# Shine bright little Star



## srhdufe (Feb 11, 2009)

I am in tears when I type this. I cannot believe it 

Little star was less than two weeks old and has unexpectidly passed away :crying:

He/she will always be remembered in our hearts 

Shine bright little star. Have fun at the bridge and say hi to all our other babies lost x 

Mummy Gill will be with you again one day. Wait for her x 

So sorry for your loss TDM :crying: xxx 

XX hugs XX


----------



## thedogsmother (Aug 28, 2008)

Thanks Sarah. Star you only got to stay for less than two weeks but I hope you always felt warm and had a full tummy and felt loved. Whatever the reason you had to leave so soon I hope it was peaceful and you didnt feel any pain in the end, have fun little one, hope you like the name youve been given, you needed a name so you werent just baby mouse xx.


----------



## Paws&Claws (Aug 29, 2009)

Rip Little Star :crying: xx


----------



## Guest (Feb 27, 2010)

thedogsmother said:


> Thanks Sarah. Star you only got to stay for less than two weeks but I hope you always felt warm and had a full tummy and felt loved. Whatever the reason you had to leave so soon I hope it was peaceful and you didnt feel any pain in the end, have fun little one, hope you like the name youve been given, you needed a name so you werent just baby mouse xx.

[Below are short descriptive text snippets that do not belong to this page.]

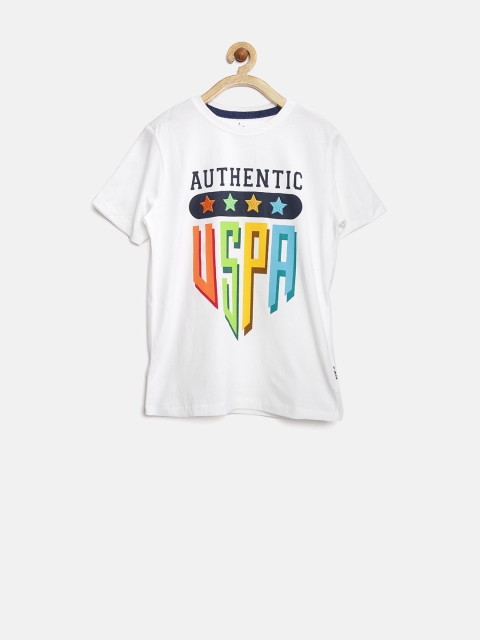 

U.S. Polo Assn. Kids Boys White Printed T-shirt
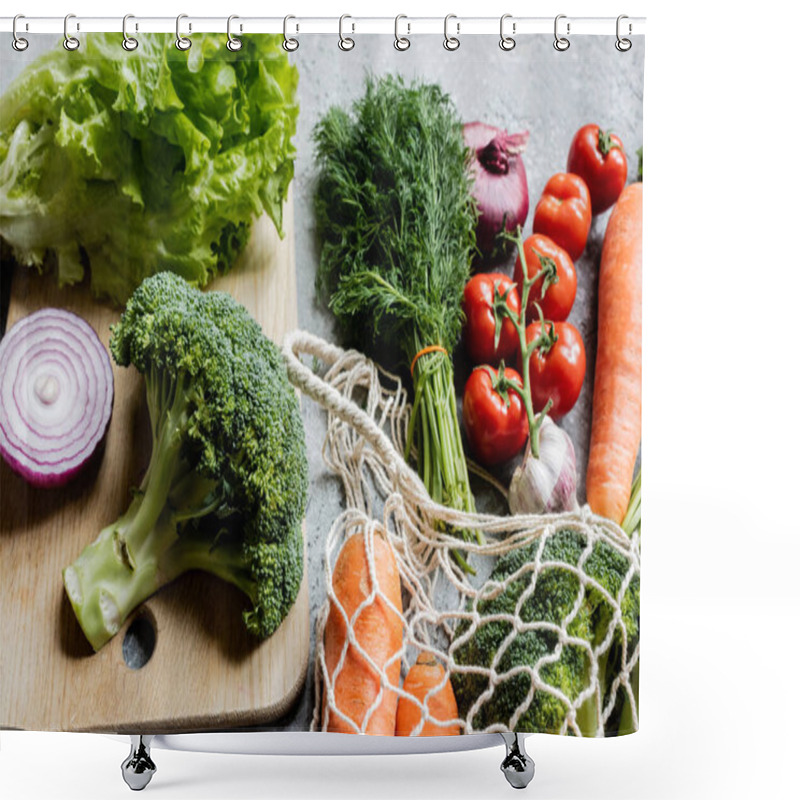 Personality  Fresh Ripe Vegetables In String Bag Near Cutting Board On Grey Concrete Surface Shower Curtains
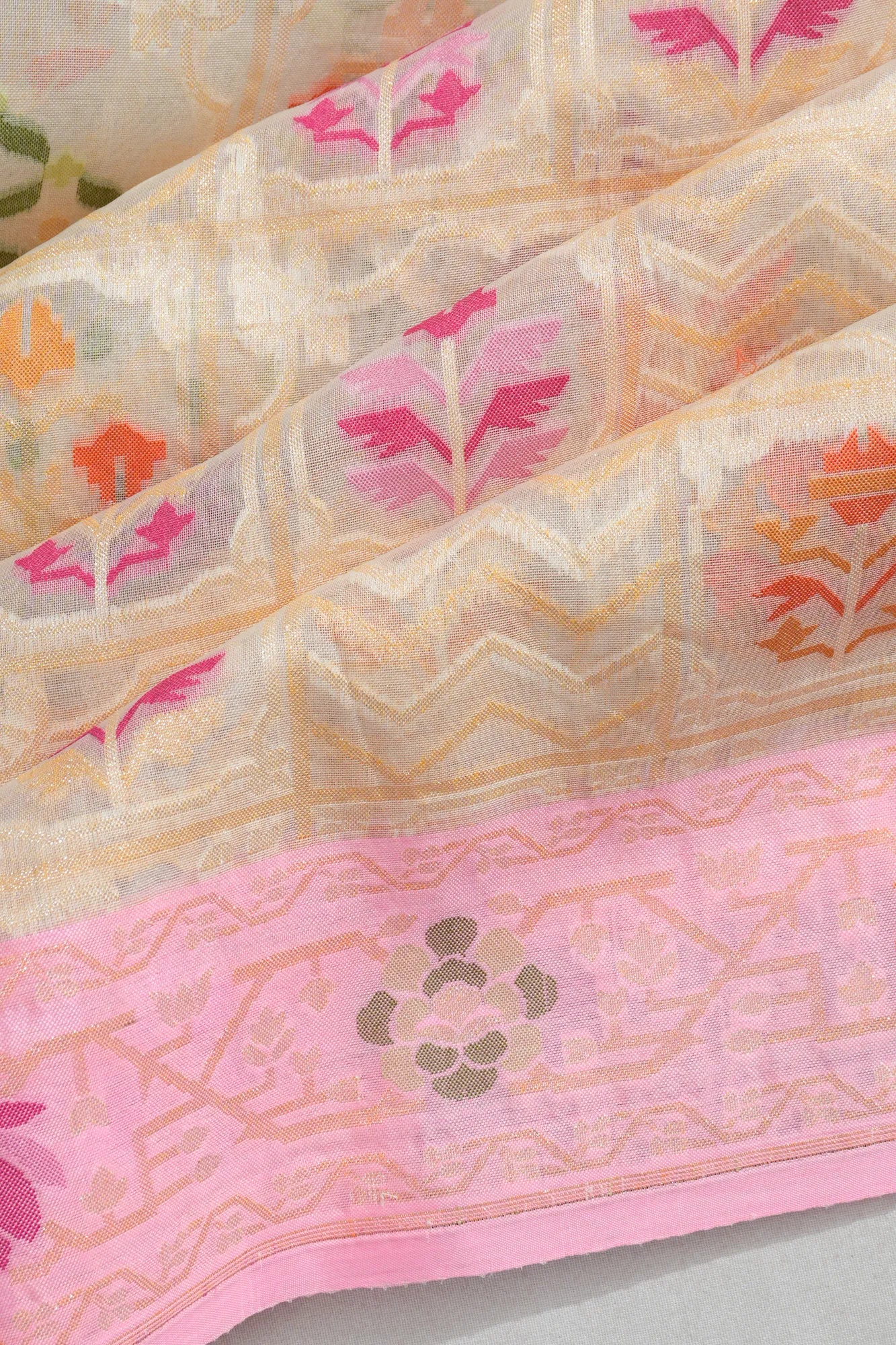 Banarasi Kora Organza Brocade Jaal Cream Saree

I'm so sorry for your loss if you need aa chat you know where I am.


----------



## Tigerneko (Jan 2, 2009)

aww what a shame 

squeak free little shiny Star x


----------



## metame (Sep 25, 2009)

R.I.P little star

-x-


----------



## zany_toon (Jan 30, 2009)

Run free at the brifge little star, your mummy enjoyed every day f your short life with you and you'll meet again. x x x


----------



## ashleighhhhh (Jul 8, 2009)

I'm so sorry tdm :crying:

Run free at the bridge little star


----------



## thedogsmother (Aug 28, 2008)

Thankyou everyone I know we didnt get to know her properly but it feels right that she got a name and was remembered.


----------



## alyssa_liss (May 4, 2009)

rip little star xx


----------



## lozza84 (Jul 19, 2008)

RIP little star  poor mousey i dont know what happened but i hope it was peaceful and pain free little one  thoughts are with you Gill.


----------



## jill3 (Feb 18, 2009)

R.I.P Little Star.
Run free ar Rainbow Bridge x


----------



## thedogsmother (Aug 28, 2008)

Well how do I explain this, I will ask a mod to move this thread to rodents or something as it isnt really appropriate now but Star is back, I swear I tore that cage apart yesterday, destroyed the nest and took absolutely everything out and yet tonight I have counted a hundred times, there are 5 babies, she is back, I think this is a first announcing the death of a pet then she returns, Im totally flabergasted I swear she just wasnt there yesterday.


----------



## sullivan (Aug 29, 2008)

well thats fab if she is there maybe she was hiding well and you missed her. ahh bless a nicer ending to a story. this little star wanted to shine bright. x


----------



## thedogsmother (Aug 28, 2008)

Thanks Sullivan, I seriously still have no idea where she was hiding though.


----------



## happysaz133 (Jun 5, 2008)

That is amazing!


----------



## Guest (Mar 1, 2010)

thedogsmother said:


> Thanks Sullivan, I seriously still have no idea where she was hiding though.


She hid well didn't she.


----------



## thedogsmother (Aug 28, 2008)

happysaz133 said:


> That is amazing!


I can cope with the embarrasment of loosing a pet because Im just so glad shes back:blush:, I really couldnt belive my eyes when I counted them last night and she was in there again.


----------



## Parlourpuss (Jul 31, 2009)

Just read this thread:huh: That's fantastic you have your little Star back


----------



## Flissy (Jul 27, 2009)

WENDY517 said:


> ahh he is so tiny, i know you had the right name for him, now hes a star in heaven shining bright in his new life
> shine bright little star heavens angels are watching over him
> rip sweet star xxx


Not just yet


----------



## WENDY517 (Nov 26, 2008)

im glad that he has not gone to the bridge, hes definatly a little star thats good news, 
its nice to hear that at least hes got is earthly life back
hes such a sweet little mouse nd full of tricks
nice to hear that hes ok
wendy517


----------